First timer temp and humidity question

Stormimay

Songster
9 Years
Mar 27, 2014
51
45
131
upstate South Carolina
Hi all! Thanks in advance for any help you can give me. I am a first timer at everything here. This past Tuesday I got 24 guinea eggs and placed them into my still air incubator. It had been set up the day before and the thermometer showed that it was maintaining a temperature between 96 degrees and 101 degrees pretty steadily. I couldn't get it anymore stable than that. I have been adding water every day and turning the eggs 3 times a day, and every time I do that the temp drops about 5 degrees or so.

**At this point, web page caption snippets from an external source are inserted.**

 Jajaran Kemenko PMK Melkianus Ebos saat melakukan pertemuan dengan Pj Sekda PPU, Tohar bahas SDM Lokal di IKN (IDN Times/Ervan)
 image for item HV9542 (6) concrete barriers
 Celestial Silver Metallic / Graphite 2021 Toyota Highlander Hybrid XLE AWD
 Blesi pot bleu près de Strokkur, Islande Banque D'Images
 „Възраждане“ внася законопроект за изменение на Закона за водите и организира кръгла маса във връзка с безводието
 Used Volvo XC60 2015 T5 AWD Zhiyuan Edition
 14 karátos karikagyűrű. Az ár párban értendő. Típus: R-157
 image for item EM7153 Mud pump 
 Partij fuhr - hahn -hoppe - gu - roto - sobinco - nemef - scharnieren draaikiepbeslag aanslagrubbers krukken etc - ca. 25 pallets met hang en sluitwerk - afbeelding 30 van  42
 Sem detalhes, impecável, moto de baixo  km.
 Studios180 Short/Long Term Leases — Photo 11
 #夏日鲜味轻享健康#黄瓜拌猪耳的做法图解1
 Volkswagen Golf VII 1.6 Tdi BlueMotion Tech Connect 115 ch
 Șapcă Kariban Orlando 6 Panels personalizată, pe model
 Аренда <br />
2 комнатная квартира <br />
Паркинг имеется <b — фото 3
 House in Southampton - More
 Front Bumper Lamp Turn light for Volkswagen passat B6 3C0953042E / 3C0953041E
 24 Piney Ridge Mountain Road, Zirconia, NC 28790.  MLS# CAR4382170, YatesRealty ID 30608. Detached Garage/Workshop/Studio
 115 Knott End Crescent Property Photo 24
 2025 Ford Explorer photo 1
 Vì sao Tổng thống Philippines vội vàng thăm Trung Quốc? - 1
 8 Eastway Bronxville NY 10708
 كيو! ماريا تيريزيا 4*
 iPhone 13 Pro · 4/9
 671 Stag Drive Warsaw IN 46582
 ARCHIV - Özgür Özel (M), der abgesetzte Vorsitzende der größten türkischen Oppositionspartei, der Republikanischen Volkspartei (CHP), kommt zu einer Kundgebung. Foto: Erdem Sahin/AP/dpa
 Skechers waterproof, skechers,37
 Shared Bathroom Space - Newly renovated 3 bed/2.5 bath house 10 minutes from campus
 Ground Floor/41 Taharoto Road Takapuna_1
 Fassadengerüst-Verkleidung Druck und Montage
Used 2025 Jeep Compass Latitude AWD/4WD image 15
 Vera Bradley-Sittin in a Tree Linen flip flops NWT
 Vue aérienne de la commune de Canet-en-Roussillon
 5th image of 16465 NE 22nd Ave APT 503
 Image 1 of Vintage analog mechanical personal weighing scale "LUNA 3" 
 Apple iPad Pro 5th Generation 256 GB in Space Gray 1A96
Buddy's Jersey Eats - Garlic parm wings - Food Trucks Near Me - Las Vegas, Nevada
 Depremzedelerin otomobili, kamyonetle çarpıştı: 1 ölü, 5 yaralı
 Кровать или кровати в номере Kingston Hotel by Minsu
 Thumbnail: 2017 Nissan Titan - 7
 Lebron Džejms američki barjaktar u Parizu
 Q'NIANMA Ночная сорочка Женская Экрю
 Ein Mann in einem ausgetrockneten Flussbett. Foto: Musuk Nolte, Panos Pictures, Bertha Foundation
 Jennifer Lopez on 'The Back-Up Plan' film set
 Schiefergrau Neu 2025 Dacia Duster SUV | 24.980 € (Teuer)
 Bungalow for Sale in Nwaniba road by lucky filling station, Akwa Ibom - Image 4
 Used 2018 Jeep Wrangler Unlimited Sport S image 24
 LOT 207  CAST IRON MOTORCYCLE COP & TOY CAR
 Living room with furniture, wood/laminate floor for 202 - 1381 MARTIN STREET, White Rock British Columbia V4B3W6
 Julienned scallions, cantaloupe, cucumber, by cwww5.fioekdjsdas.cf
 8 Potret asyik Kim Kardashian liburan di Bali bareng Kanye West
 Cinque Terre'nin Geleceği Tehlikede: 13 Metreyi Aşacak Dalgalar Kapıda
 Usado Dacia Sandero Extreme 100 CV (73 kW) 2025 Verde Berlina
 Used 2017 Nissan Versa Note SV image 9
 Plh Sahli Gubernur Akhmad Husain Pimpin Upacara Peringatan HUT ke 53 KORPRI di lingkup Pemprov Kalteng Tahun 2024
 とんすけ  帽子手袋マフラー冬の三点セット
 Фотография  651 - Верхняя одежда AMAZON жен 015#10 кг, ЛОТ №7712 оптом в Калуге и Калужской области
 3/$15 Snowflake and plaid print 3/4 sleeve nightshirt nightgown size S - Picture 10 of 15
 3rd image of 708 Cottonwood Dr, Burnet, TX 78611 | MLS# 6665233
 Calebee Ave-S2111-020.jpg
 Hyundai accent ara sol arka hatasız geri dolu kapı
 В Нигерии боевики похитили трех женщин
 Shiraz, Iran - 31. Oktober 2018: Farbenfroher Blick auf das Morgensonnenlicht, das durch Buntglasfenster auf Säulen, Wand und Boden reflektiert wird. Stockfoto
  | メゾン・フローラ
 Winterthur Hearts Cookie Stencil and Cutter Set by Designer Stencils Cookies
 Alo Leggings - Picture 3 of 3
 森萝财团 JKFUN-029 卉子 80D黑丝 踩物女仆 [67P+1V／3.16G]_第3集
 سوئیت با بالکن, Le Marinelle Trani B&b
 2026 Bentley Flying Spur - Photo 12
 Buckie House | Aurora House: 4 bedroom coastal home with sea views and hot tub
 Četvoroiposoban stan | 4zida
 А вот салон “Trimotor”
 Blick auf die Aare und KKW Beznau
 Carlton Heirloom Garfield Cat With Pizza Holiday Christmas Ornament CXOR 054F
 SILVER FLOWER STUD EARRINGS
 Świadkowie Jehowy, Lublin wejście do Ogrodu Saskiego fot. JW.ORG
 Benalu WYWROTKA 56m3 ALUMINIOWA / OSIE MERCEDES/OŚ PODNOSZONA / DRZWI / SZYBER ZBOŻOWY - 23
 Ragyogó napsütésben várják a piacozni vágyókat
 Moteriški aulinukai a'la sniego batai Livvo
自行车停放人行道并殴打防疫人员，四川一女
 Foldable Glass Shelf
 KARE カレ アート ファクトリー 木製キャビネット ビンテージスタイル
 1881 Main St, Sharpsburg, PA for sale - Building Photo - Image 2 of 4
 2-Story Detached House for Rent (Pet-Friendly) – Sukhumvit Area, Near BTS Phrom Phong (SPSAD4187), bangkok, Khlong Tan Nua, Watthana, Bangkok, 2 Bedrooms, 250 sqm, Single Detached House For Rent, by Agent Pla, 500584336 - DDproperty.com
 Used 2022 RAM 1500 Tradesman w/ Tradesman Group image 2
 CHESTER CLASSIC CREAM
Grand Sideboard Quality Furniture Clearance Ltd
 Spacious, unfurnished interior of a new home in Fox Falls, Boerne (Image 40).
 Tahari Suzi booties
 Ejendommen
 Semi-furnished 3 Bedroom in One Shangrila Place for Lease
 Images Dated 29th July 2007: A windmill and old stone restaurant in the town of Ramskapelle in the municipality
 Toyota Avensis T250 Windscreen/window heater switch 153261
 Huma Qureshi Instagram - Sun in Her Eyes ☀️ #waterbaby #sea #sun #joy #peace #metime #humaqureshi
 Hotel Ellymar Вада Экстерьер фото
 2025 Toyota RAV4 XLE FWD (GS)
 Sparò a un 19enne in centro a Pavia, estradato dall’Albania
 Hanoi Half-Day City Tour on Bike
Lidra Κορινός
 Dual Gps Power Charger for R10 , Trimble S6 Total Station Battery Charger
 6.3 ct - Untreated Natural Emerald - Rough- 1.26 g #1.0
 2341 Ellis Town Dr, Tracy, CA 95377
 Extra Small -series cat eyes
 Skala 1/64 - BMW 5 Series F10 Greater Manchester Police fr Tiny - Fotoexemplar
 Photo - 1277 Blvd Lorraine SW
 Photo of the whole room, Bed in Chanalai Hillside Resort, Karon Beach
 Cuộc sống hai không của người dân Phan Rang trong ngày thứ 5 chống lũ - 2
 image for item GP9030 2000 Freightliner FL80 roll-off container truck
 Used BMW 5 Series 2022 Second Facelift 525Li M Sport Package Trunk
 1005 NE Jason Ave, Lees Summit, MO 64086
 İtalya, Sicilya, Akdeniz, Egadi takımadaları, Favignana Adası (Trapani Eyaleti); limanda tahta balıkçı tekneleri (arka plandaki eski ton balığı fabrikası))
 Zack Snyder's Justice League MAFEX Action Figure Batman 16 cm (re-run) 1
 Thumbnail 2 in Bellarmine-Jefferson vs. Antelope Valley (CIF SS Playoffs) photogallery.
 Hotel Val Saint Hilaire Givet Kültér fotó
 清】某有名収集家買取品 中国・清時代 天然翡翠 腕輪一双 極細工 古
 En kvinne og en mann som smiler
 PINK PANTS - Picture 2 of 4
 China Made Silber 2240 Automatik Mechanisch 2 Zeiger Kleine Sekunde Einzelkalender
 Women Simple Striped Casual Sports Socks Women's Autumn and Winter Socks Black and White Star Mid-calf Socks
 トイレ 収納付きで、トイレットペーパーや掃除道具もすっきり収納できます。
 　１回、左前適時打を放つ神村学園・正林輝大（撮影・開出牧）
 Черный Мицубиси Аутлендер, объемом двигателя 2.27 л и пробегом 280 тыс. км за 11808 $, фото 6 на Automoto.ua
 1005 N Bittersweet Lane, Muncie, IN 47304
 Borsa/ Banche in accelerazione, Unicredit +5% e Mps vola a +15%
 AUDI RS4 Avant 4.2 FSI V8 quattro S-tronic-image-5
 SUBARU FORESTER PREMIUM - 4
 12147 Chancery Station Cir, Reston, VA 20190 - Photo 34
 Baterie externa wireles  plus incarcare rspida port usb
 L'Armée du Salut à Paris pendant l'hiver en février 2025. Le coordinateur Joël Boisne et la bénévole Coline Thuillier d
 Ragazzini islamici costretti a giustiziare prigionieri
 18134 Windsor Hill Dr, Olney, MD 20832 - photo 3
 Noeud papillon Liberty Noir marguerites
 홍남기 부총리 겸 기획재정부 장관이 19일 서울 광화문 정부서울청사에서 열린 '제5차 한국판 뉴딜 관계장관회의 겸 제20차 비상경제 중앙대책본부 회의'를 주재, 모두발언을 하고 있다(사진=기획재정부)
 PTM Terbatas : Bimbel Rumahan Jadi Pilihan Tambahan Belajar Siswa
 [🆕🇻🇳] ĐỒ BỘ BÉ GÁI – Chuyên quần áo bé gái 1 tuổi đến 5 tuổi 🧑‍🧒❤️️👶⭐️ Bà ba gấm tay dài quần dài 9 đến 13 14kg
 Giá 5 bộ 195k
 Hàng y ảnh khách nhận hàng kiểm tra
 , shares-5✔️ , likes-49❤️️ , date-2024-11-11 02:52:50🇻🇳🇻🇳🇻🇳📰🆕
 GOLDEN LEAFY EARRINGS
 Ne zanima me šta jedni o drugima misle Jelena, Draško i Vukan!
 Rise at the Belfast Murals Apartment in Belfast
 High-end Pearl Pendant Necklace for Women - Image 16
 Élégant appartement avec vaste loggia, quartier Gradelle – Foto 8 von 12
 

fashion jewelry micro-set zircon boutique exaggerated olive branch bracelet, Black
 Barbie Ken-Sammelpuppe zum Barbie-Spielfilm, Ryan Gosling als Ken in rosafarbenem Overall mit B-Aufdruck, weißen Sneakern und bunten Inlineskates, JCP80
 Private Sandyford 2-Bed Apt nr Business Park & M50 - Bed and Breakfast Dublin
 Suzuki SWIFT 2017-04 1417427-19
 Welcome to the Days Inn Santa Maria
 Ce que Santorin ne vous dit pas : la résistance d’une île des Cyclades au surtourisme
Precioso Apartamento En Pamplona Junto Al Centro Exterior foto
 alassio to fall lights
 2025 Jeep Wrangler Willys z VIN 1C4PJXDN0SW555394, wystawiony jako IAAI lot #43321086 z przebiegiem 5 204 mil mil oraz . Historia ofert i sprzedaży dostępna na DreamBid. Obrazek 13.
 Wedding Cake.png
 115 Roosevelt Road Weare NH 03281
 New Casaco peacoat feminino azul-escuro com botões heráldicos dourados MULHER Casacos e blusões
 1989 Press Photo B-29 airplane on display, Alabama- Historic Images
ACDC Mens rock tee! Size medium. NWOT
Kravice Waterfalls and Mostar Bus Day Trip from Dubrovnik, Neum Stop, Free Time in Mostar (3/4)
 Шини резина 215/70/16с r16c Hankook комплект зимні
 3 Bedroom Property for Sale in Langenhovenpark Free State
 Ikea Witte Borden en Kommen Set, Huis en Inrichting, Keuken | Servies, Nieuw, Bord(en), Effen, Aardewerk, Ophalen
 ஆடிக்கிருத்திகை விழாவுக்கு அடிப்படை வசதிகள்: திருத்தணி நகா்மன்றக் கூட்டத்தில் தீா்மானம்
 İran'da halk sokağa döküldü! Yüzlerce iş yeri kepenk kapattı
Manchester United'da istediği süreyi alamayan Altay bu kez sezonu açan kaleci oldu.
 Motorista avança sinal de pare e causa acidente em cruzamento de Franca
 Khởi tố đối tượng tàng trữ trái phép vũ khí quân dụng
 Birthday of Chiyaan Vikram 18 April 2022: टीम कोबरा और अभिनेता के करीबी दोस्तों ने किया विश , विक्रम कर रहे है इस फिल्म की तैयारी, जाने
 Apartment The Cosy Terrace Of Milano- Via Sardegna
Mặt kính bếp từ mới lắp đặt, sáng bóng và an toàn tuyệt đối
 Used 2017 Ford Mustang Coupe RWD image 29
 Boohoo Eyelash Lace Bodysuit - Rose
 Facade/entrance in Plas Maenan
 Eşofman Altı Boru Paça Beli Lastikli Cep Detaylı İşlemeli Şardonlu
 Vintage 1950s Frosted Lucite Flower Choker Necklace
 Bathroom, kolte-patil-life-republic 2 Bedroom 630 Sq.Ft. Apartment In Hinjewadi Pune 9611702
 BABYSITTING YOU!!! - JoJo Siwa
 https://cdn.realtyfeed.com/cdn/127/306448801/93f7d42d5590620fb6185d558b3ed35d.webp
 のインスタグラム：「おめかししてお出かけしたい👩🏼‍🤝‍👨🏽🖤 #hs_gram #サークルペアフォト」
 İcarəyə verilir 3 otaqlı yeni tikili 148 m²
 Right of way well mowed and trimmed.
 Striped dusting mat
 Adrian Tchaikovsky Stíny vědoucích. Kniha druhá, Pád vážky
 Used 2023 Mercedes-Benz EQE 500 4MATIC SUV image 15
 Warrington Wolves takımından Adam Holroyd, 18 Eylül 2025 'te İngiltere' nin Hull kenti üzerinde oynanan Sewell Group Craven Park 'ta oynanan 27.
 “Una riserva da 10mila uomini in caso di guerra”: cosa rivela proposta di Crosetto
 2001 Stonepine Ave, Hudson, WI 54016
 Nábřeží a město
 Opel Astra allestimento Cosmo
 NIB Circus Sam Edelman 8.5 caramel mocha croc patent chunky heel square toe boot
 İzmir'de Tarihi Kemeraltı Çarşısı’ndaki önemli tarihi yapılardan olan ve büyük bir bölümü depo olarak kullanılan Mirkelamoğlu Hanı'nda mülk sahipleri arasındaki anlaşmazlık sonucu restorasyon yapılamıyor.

This worried me but I was told it should be alright. I didn't like the cheap thermometer and that I couldn't see the humidity level, so today, the fifth day of having eggs, I bought an "indoor comfort monitor." Imagine my horror when I put it in and saw it measure a temperature of only 86 degrees. The old thermometer still said 99. Now my new one says it is 99 degrees (I turn the incubator up) and my old one (I left it in to compare, I'll take it out in a minute) says it is 112 degrees. So my eggs have been under heated this whole time. Are they dead? Are they fine and I just need to start the clock over? The humidity is about 74%, which is probably what it has been pretty steadily. I feel so stupid and frustrated. Please advise. Thank you!
 
You don't have to go nuts over whether or not the thermometer is right. I say if you bought a decent thermometer it is more likely to be right than the one on a styro bator, those are notorious for being wrong. Not all thermometers can be calibrated in fact many cannot. I don't use digital thermometers I go with bulb type and compared it at the store with the 15 others hanging there and picked one that was consistent with many of the others and avoided the ones that read differently. I would go with the one you have and see how your hatch goes, if you have an early hatch is running a bit warm, late hatch it's running a bit cool. Buying more thermometers and leaving them around your incubator will possibly make you more uncertain as those still airs have a reputation for having hot and cold spots so they will likely have different readings anyways.